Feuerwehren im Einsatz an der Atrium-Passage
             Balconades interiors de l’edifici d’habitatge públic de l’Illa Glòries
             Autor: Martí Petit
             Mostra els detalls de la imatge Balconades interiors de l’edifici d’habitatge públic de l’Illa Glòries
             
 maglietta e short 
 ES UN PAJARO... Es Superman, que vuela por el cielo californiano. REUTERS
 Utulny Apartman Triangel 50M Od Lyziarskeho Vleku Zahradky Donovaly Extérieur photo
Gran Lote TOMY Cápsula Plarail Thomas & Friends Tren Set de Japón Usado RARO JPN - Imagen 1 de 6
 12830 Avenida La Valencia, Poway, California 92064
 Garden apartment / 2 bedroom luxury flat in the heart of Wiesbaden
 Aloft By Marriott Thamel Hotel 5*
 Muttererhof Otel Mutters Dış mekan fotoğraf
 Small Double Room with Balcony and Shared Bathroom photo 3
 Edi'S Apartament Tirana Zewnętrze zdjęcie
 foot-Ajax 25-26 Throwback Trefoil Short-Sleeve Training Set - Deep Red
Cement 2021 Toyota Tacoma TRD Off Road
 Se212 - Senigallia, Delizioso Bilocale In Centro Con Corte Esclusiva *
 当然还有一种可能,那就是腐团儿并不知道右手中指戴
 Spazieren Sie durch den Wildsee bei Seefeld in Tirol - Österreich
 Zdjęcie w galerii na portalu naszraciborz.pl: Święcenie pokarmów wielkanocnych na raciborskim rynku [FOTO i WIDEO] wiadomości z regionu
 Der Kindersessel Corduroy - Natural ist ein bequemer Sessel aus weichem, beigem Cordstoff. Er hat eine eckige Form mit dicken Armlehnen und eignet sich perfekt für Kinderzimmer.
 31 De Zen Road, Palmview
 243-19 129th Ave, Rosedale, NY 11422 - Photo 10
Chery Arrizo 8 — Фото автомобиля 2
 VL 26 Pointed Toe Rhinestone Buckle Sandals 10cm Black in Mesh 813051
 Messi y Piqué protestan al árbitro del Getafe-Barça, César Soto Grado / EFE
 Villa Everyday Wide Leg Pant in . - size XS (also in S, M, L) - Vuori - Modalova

- **Assignment**
Return nothing but the lines from the top of the records above through the line that has "foot-Ajax 25-26 Throwback". Keep each one exact.

- **Response**
Feuerwehren im Einsatz an der Atrium-Passage
             Balconades interiors de l’edifici d’habitatge públic de l’Illa Glòries
             Autor: Martí Petit
             Mostra els detalls de la imatge Balconades interiors de l’edifici d’habitatge públic de l’Illa Glòries
             
 maglietta e short 
 ES UN PAJARO... Es Superman, que vuela por el cielo californiano. REUTERS
 Utulny Apartman Triangel 50M Od Lyziarskeho Vleku Zahradky Donovaly Extérieur photo
Gran Lote TOMY Cápsula Plarail Thomas & Friends Tren Set de Japón Usado RARO JPN - Imagen 1 de 6
 12830 Avenida La Valencia, Poway, California 92064
 Garden apartment / 2 bedroom luxury flat in the heart of Wiesbaden
 Aloft By Marriott Thamel Hotel 5*
 Muttererhof Otel Mutters Dış mekan fotoğraf
 Small Double Room with Balcony and Shared Bathroom photo 3
 Edi'S Apartament Tirana Zewnętrze zdjęcie
 foot-Ajax 25-26 Throwback Trefoil Short-Sleeve Training Set - Deep Red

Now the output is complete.